§ **Assignment**:
Look for the line containing "perle ronde Eye, Couleur: noir, Taille: ±12mm, Quantite: 5" and the line containing "Nature Meditator Misty" in the entries below. Copy those two and all lines between them exactly, leaving out pictures.

§ **Entries shown**:
-------------------------

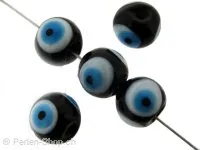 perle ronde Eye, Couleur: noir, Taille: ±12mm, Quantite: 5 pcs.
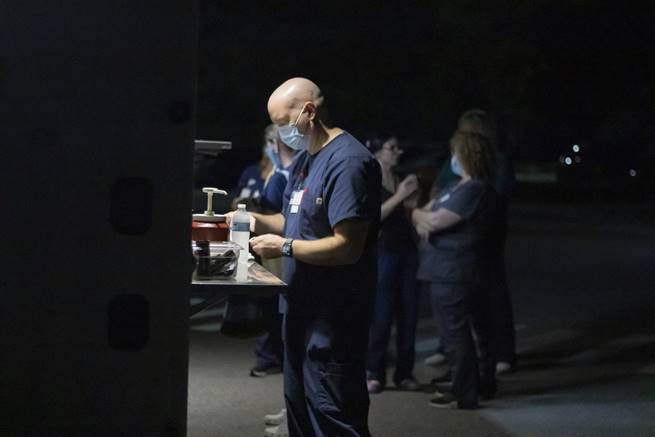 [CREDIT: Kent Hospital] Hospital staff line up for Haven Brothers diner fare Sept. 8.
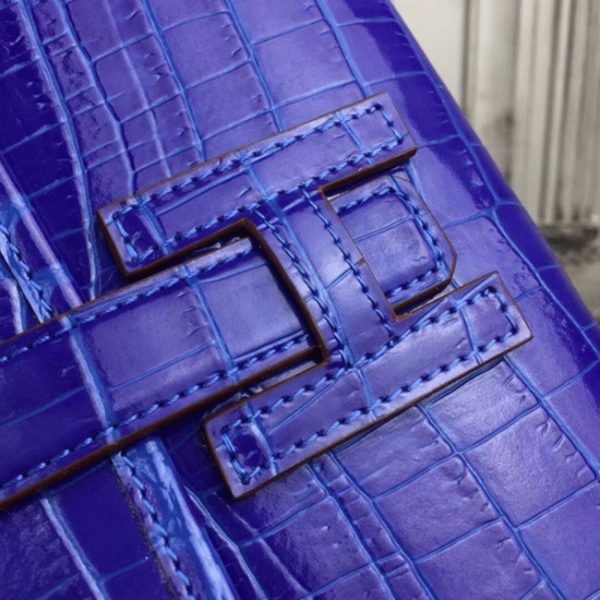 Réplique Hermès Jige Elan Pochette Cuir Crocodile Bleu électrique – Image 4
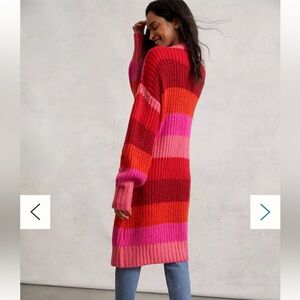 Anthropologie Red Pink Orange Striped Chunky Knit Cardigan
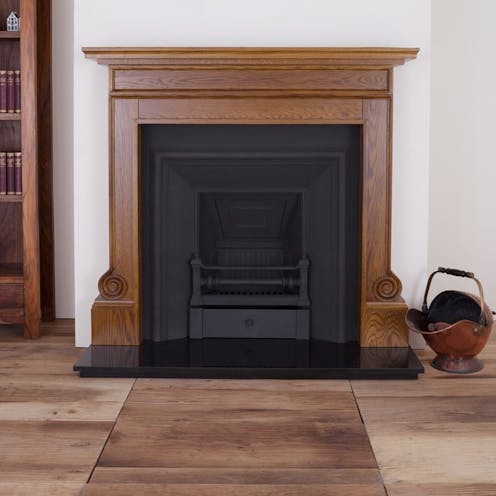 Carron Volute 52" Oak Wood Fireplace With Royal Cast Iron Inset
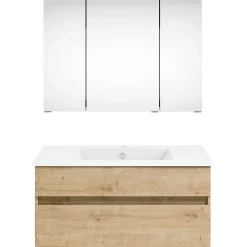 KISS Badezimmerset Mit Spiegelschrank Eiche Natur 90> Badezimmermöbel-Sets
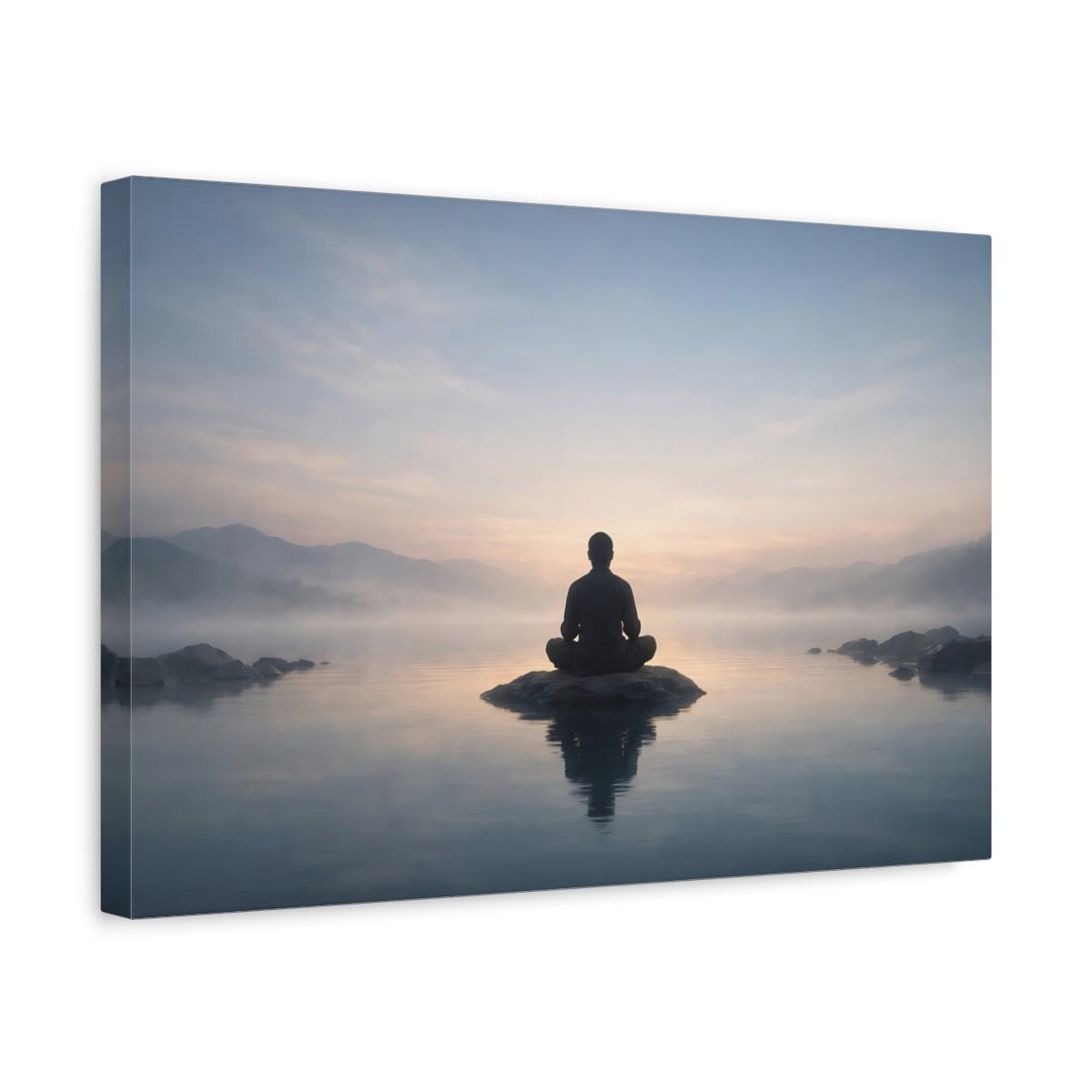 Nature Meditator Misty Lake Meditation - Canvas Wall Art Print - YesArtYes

-------------------------

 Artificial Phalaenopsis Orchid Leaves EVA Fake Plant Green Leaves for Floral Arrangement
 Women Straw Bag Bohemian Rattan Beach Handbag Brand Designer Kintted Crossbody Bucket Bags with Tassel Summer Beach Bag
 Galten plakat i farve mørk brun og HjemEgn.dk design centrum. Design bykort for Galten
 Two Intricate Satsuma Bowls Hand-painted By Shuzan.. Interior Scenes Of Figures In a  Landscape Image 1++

-------------------------

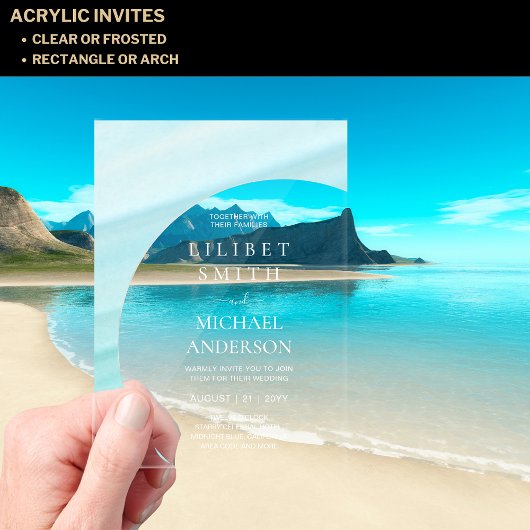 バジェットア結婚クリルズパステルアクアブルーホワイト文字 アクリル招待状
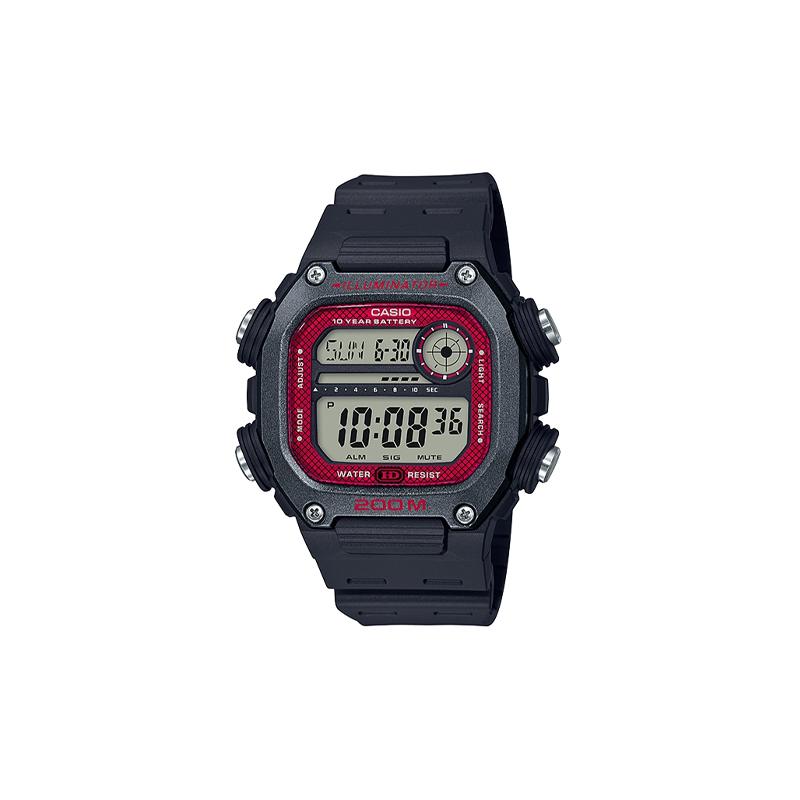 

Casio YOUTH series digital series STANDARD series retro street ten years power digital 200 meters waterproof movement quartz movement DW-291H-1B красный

-------------------------

§ **Exercise answer**:
 perle ronde Eye, Couleur: noir, Taille: ±12mm, Quantite: 5 pcs.
 [CREDIT: Kent Hospital] Hospital staff line up for Haven Brothers diner fare Sept. 8.
 Réplique Hermès Jige Elan Pochette Cuir Crocodile Bleu électrique – Image 4
 Anthropologie Red Pink Orange Striped Chunky Knit Cardigan
 Carron Volute 52" Oak Wood Fireplace With Royal Cast Iron Inset
 KISS Badezimmerset Mit Spiegelschrank Eiche Natur 90> Badezimmermöbel-Sets
 Nature Meditator Misty Lake Meditation - Canvas Wall Art Print - YesArtYes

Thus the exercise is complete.